Samples ${x_i}_{i=1}^n \sim P_X$ from the dataset
Samples ${\tilde{x}_j = g_\theta(z_j)}_{j=1}^m$ with $z_j \sim \mathcal{N}(0,I)$ from the model

So, how can we minimize a divergence without knowing either density?

Sample-Based Estimation of Expectations

Let’s start with a basic idea from probability theory.

Theorem 2.1 — Law of Large Numbers (LLN)

Let $X_1, X_2, \ldots, X_n$ be i.i.d. random variables drawn from $P_X$. Then for any integrable function $h(x)$, $$ \frac{1}{n}\sum_{i=1}^{n} h(X_i) \;\xrightarrow[n\to\infty]{a.s.}\; \mathbb{E}_{x\sim P_X}[h(x)]. $$

This means integrals over $p_X$ can be approximated by finite sample averages:

\[\int h(x)p_X(x)\,dx \;\approx\; \frac{1}{n}\sum_{i=1}^n h(x_i).\]

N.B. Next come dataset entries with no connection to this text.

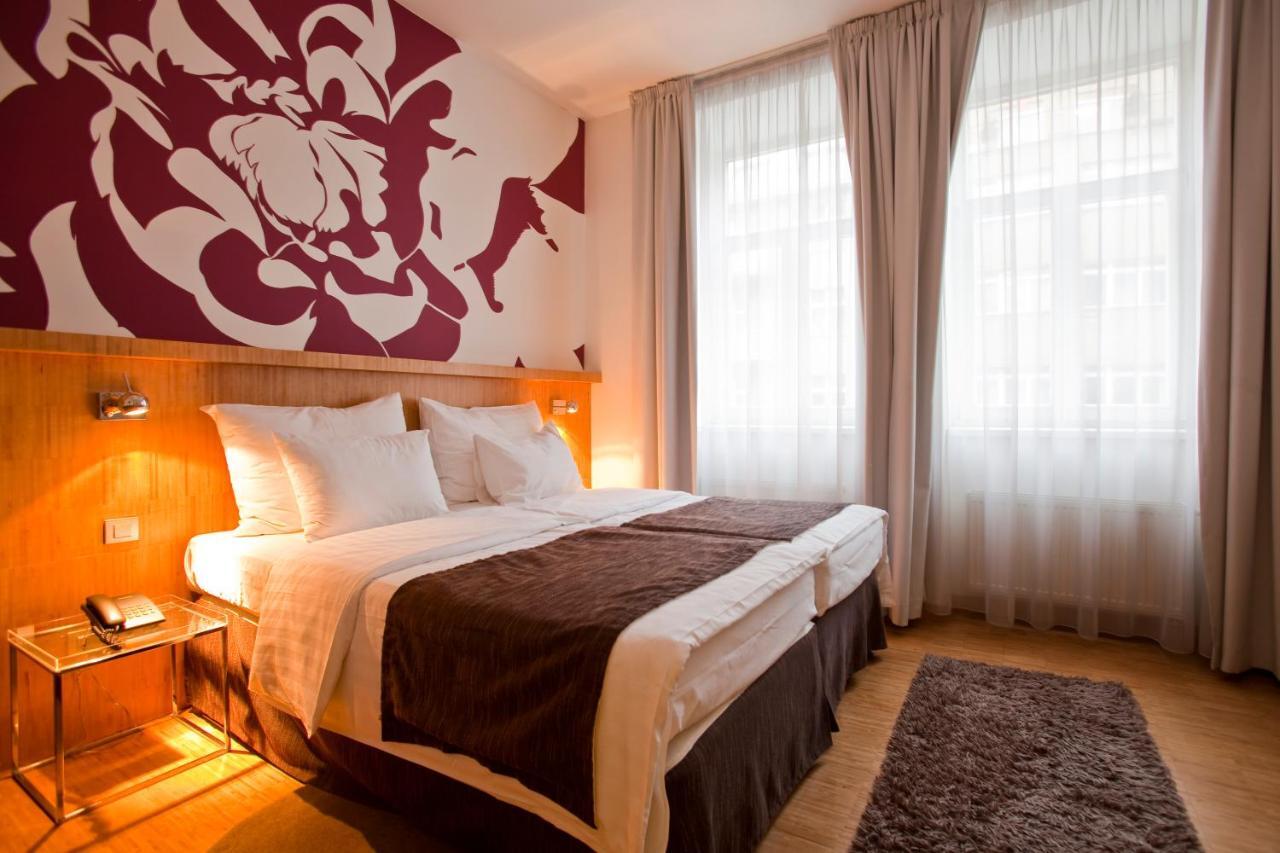 Dahlia Inn Praha Pokoj fotografie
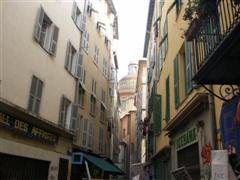 Eine enge Gasse in der Altstadt von Nizza
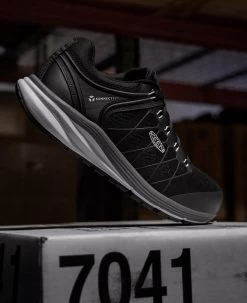 Keen Men's Vista Energy (Carbon-Fiber Toe) | Vapor/Black -Shoes Haven Shop 1024584 PDP RightImage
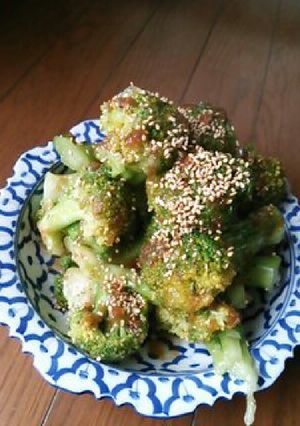 トロっとブロッコリー♪蒸して美味しい♪-レシピのメイン写真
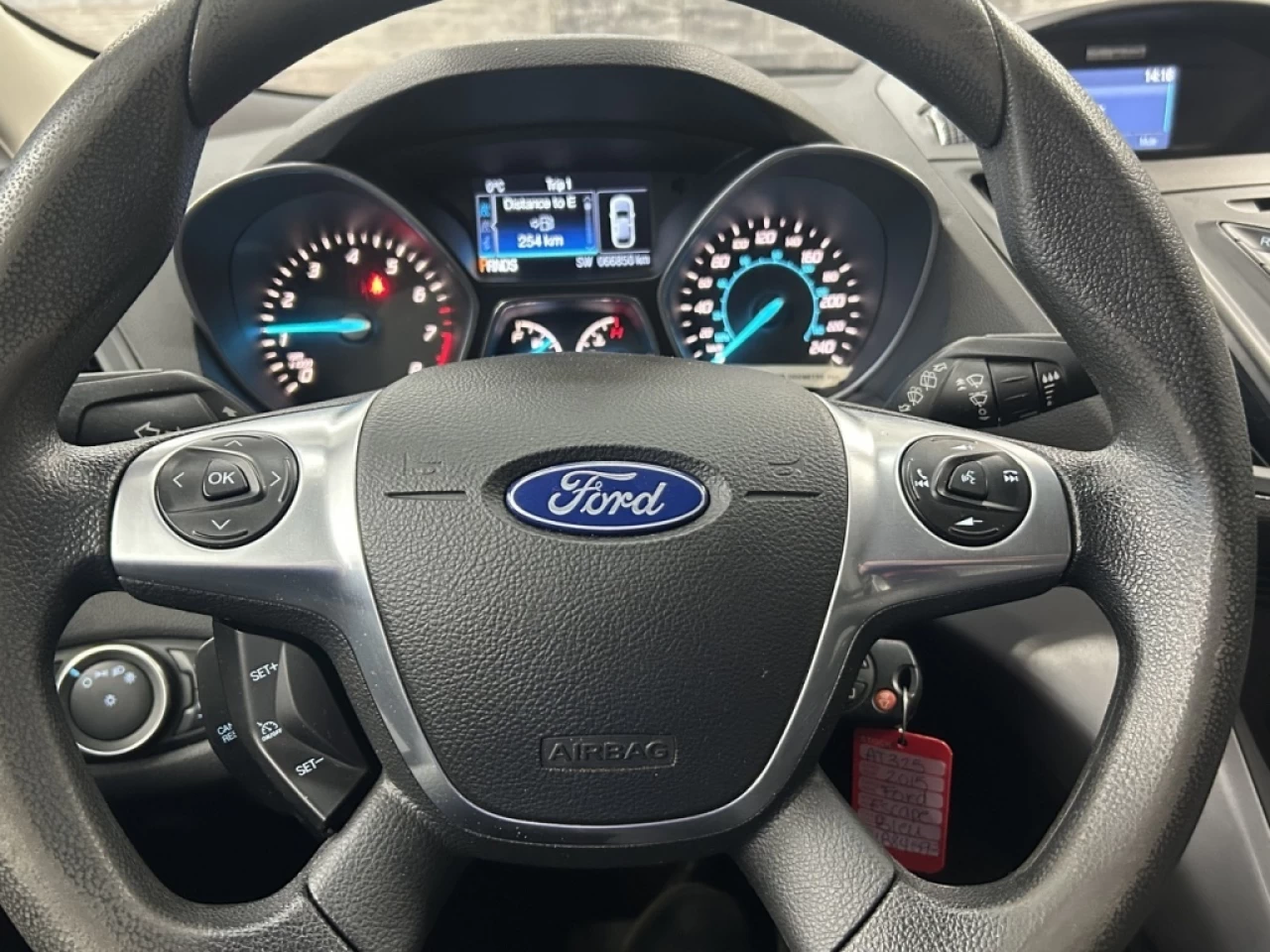 2015 Ford Escape SE Image principale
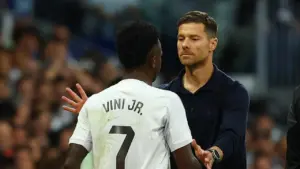 Vinicius Junior Protes ke Xabi Alonso: “Bola Harus Dioper pada Saya!”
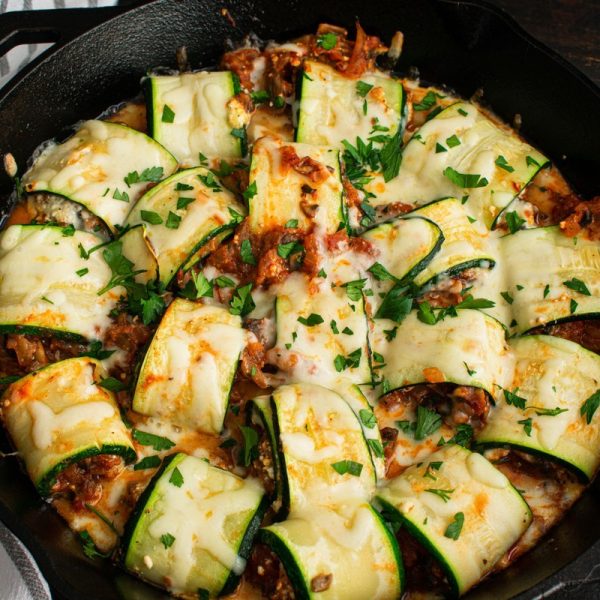 Gebackene Zucchiniröllchen mit Hackfleisch, Ricotta und Tomatensauce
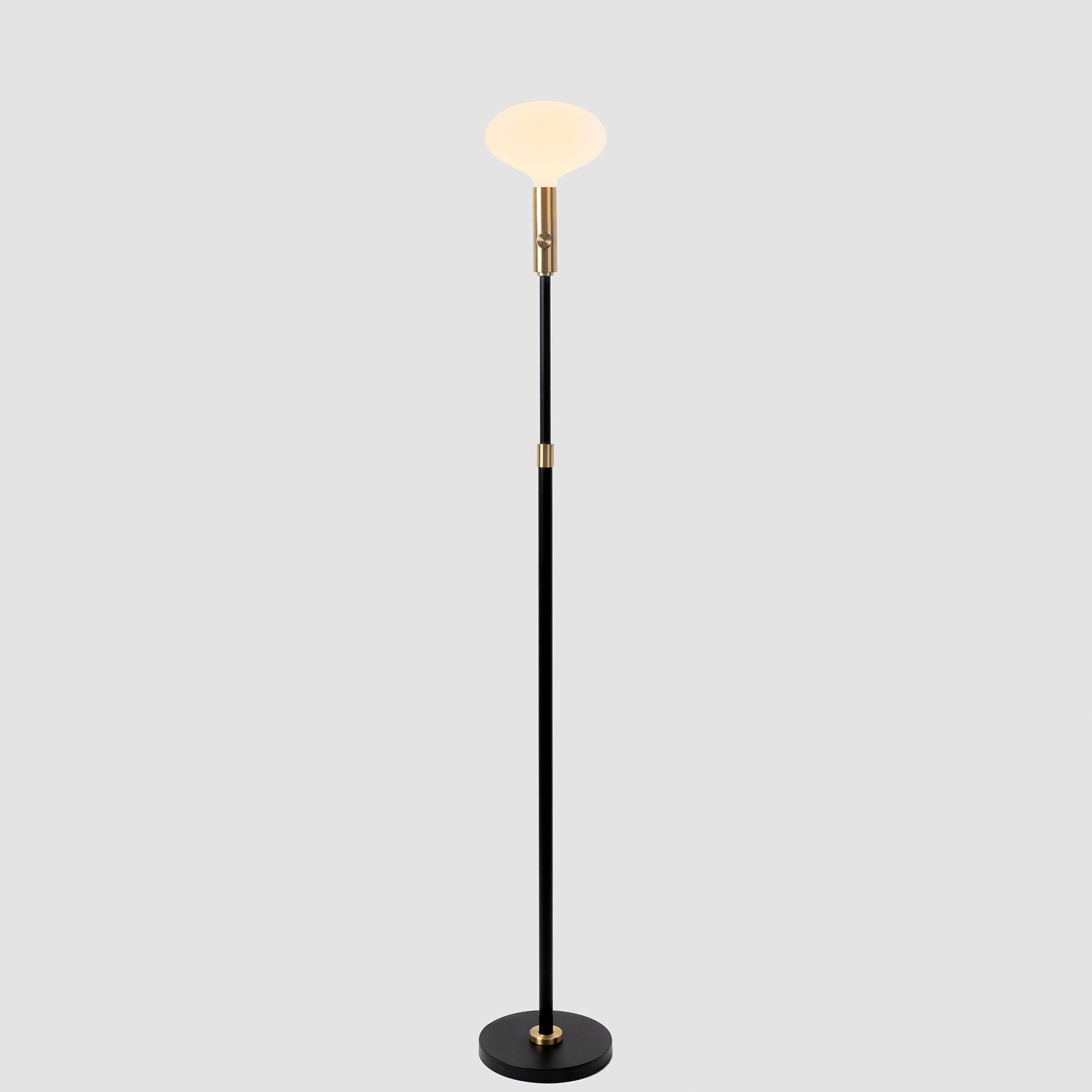 Lampadaire réglable Poise en laiton + Ovale II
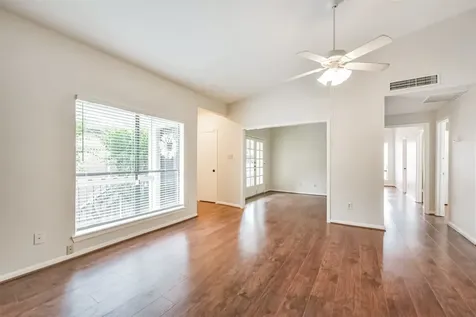 2001 Bering Drive 4d Houston TX 77057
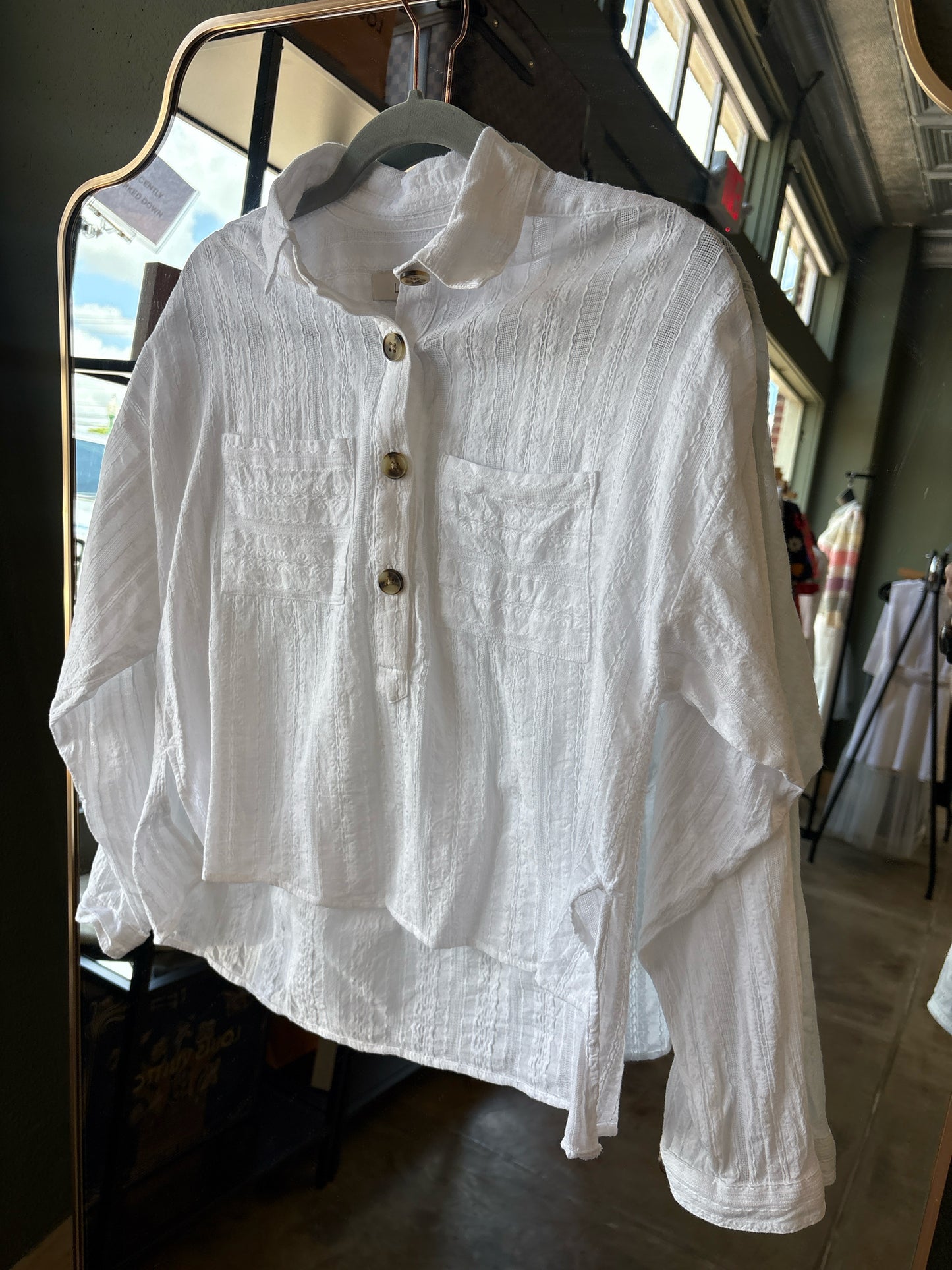 LOFT Size XS White Top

this is the foundation of Monte Carlo estimation used across all generative learning paradigms — GANs, VAEs, Diffusion Models — which all optimize expectations rather than explicit densities.

Expressing $f$-Divergence in Expectation Form

Recall that for a convex function $f:\mathbb{R}_{+} \to \mathbb{R}$ with $f(1)=0$,

\[D_f(P_X\|P_\theta) = \int p_\theta(x)\,f\!\left(\frac{p_X(x)}{p_\theta(x)}\right)\,dx.\]

Since this involves unknown densities, we need a reformulation that depends only on expectations — quantities we can estimate from samples.

Fenchel–Legendre Conjugate

Definition 2.1 — Conjugate Function

For a convex $f$, the **Fenchel conjugate** $f^*$ is defined as: $$ f^*(t) = \sup_{u>0}\; (ut - f(u)). $$ Properties: 1. $f^*$ is convex. 2. The double conjugate recovers $f$, i.e. $f^{**}=f$.

By the Fenchel–Young inequality, $ut \le f(u) + f^*(t), \quad \forall\,u,t.$

Equality holds when $t=f’(u)$.

Deriving the Variational Lower Bound

We apply the conjugate definition to rewrite $f$ inside the divergence.

Proof

Substitute $f(u)=\sup_t\{tu - f^*(t)\}$ into the $f$-divergence: $$ \begin{aligned} D_f(P_X\|P_\theta) &= \int p_\theta(x)\, \sup_t \Big\{t \tfrac{p_X(x)}{p_\theta(x)} - f^*(t)\Big\}\,dx \\ &= \sup_T \int p_\theta(x)\Big[T(x)\tfrac{p_X(x)}{p_\theta(x)} - f^*(T(x))\Big]dx \\ &= \sup_T \Big(\mathbb{E}_{x\sim P_X}[T(x)] - \mathbb{E}_{x\sim P_\theta}[f^*(T(x))]\Big). \end{aligned} $$

This yields the variational representation:

\[\boxed{ D_f(P_X\|P_\theta) \ge \sup_T \Big(\mathbb{E}_{x\sim P_X}[T(x)] - \mathbb{E}_{x\sim P_\theta}[f^*(T(x))]\Big). }\]

The inequality appears because the space of test functions $T$ we optimize over may not include the exact optimum $T^*(x)=f’!\big(\frac{p_X(x)}{p_\theta(x)}\big)$.